I would like to hear from anyone who has direct experience of powering a Dometic AES equipped fridge from a connection on an appropriate solar regulator, eg Votronic ?


----------



## trevorf (May 16, 2005)

To run a fridge directly from solar I think you would need more panels than would fit on your roof.


Trevor


----------



## ubuntu1 (Jan 14, 2008)

*fridge on solar power*

You would need to generate a lot of power at 12v and then use an inverter to give you 230v. (These only run on 12v when you are driving). You would need a lot of panels and batteries, its just not worth it - buy a generator if you need to run it off grid on 230v or stick to gas.


----------



## subfiver (Oct 15, 2011)

Thank-you both, but I really want to hear from someone who has done it.

The boat's fridge needs to be replaced. I have 600w of solar panels and 10x130ah batteries. Instead of replacing the fridge with another 230v domestic ( which requires me to run the boat's invertor 24x7) I'd thought of a Dometic to give more power options. Can't find many dometic users on the 'boaty' forums I inhabit but lots of m/h have them, hence the question here....

Now, anyone actually used the solar input on a Dometic fridge, hmmm ??


----------



## trevorf (May 16, 2005)

Well that makes a little more sense. You did not mention in your original post that you had that much battery and solar capacity. We presumed it was for a motorhome not a boat :lol: :lol: 

It would be possible to connect up to the 12V element on the fridge but these run at a lower wattage than the 230V element hence not as good at cooling.

You would still be drawing just about all the power that your solar panels could generate in good sun conditions.


----------



## Jezport (Jun 19, 2008)

Compressor fridges use less current, Waeco do a few different models


----------



## teemyob (Nov 22, 2005)

*Run*

I run ours from solar (in sunnier climates).

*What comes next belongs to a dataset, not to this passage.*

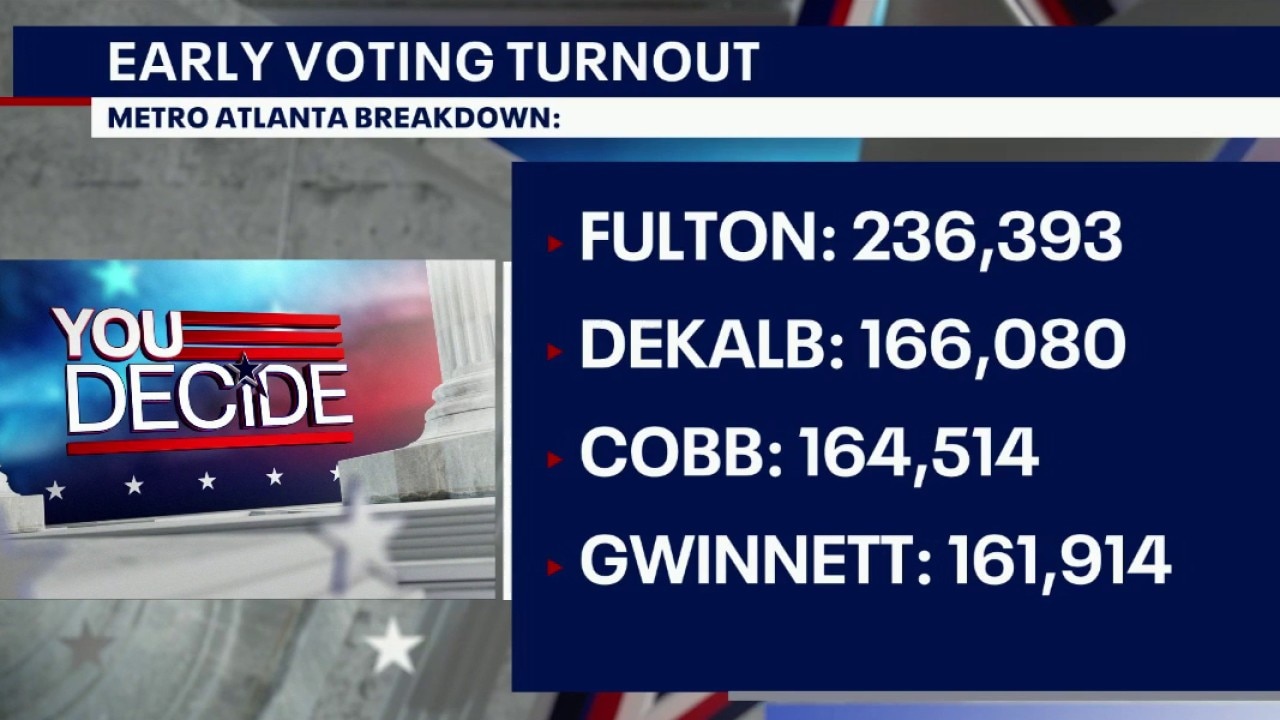 Georgia is one week from Election Day as early voting surges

It is the Large AES fridge/freezer.

I run it via the Schaudt Solar and Schaudt Elektroblock.

But on our old Motorhome, I ran a small Coolzone Domestic compressor fridge freezer from solar panels and batteries.

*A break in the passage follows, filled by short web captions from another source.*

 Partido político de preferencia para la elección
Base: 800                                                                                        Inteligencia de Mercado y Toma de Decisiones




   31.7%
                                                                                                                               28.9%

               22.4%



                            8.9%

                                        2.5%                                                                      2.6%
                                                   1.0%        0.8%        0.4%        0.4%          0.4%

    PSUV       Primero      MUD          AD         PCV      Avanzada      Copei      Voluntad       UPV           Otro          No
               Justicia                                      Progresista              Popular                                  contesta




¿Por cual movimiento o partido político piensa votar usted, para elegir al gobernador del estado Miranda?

A Compressor fridge using one of Danfoss's energy optimised R600a Compressors will be very efficient to use via Solar.

TM


----------



## steco1958 (Mar 5, 2009)

subfiver said:


> Thank-you both, but I really want to hear from someone who has done it.
> 
> The boat's fridge needs to be replaced. I have 600w of solar panels and 10x130ah batteries. Instead of replacing the fridge with another 230v domestic ( which requires me to run the boat's invertor 24x7) I'd thought of a Dometic to give more power options. Can't find many dometic users on the 'boaty' forums I inhabit but lots of m/h have them, hence the question here....
> 
> Now, anyone actually used the solar input on a Dometic fridge, hmmm ??


No not done that, however I would suggest having a look at the technical specs on Dometics or Thetfords web sites.

The docs should give you the details for the ampage on the 12v circuit, however remember that within the MH on 12v all it does is maintain the fridge / freezer at the temp it is at that time.


----------